Luo Zhongli

Spring Silkworm

1982

Oil on canvas

216×140cm

Beginning the late 1970s, Chinese artists gradually started taking a step back from creating art that was politicized, and redirected their focus back to the social reality of everyday life. At this critical turning point of culture, Luo Zhongli’s Father – an oil painting of a hardworking and honest peasant – shifted art from the political altar back to the people. This prompted the development and rise of Scar Art and Folk Art. As a sequel to Father, Luo Zhongli’s Spring Silkworm, created in the 1980s, conveys his love and gratitude towards his mother. Similarly, the painting delineates a traditional working woman from the rural villages, and exudes Luo’s unwavering nostalgia for folklife.
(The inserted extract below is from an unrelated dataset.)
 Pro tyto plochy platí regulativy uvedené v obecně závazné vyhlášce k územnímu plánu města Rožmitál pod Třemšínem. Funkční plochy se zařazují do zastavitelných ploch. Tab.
Different from a scrupulous display of facial details in Father, Spring Silkworm completely hides the face of the subject. An elderly woman is present, who looks down at the silk that is being harvested in her hands. Against the dark background, the light projects from the top down to the head of the woman, making the mother’s silky silver hair as the focal point, as the light delicately brings out the rich layers within the painting. This moment best fits the poem Luo Zongli once came across: “Like a candle that burns bright until it burns out, the silkworm doesn’t die until it spews out the last thread”. The artist symbolically compares the mother figure that dedicates tirelessly in her own quietness, to the hardworking silkworms. While moving the spectators emotionally, the painting also carries profound humanistic sentiments, displaying cultural consciousness and respect for individual beings of life.